#### [WORK ORDER]
Report back each line of the records that contains the string "going".

#### [SUPPLIED ENTRIES]
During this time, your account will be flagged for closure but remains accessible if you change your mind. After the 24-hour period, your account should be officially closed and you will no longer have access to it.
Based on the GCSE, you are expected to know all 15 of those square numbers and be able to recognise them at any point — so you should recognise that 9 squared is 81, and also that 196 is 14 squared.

* * *

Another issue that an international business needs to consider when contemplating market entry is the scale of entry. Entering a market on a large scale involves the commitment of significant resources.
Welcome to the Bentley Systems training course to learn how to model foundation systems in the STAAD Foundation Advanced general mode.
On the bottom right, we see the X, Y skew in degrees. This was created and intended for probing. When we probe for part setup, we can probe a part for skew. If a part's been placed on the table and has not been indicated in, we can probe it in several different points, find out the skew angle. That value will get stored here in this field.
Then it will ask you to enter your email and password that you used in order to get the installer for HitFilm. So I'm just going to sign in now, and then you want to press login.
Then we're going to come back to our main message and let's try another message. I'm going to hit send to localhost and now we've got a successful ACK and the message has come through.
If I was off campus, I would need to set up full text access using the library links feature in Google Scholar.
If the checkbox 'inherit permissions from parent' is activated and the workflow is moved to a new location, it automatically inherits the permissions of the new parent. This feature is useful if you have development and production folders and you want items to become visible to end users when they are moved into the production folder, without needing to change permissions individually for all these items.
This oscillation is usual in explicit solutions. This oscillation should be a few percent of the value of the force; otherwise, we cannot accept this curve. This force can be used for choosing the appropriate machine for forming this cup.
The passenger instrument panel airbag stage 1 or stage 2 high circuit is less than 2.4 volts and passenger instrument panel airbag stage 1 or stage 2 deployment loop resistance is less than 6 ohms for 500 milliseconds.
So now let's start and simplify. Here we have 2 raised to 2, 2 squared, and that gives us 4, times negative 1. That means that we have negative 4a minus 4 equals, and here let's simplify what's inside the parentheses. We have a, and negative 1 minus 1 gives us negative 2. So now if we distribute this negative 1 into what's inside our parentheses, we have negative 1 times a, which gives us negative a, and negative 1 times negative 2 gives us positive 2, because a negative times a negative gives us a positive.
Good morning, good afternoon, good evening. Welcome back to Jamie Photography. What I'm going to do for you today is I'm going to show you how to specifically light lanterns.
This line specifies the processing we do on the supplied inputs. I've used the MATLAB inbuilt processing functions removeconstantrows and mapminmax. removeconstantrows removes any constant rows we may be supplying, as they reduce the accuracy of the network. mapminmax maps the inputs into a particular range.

#### [RESPONSE AREA]
Then it will ask you to enter your email and password that you used in order to get the installer for HitFilm. So I'm just going to sign in now, and then you want to press login.
Then we're going to come back to our main message and let's try another message. I'm going to hit send to localhost and now we've got a successful ACK and the message has come through.
Good morning, good afternoon, good evening. Welcome back to Jamie Photography. What I'm going to do for you today is I'm going to show you how to specifically light lanterns.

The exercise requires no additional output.